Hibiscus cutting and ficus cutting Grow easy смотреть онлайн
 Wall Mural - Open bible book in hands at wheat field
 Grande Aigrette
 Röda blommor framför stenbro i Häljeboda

···

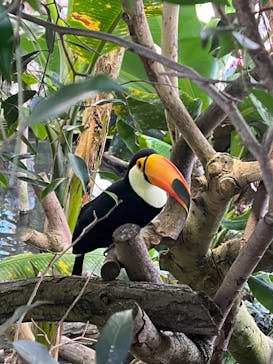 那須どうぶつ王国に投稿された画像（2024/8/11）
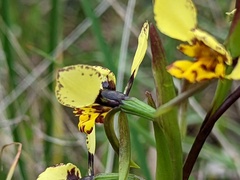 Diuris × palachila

···

- **Your goal**
Given the data above, transcribe exactly the lines from the one containing "Hibiscus cutting and" down to the one containing "Röda blommor framför stenbro i Häljeboda", and no others.

- **Task solution**
Hibiscus cutting and ficus cutting Grow easy смотреть онлайн
 Wall Mural - Open bible book in hands at wheat field
 Grande Aigrette
 Röda blommor framför stenbro i Häljeboda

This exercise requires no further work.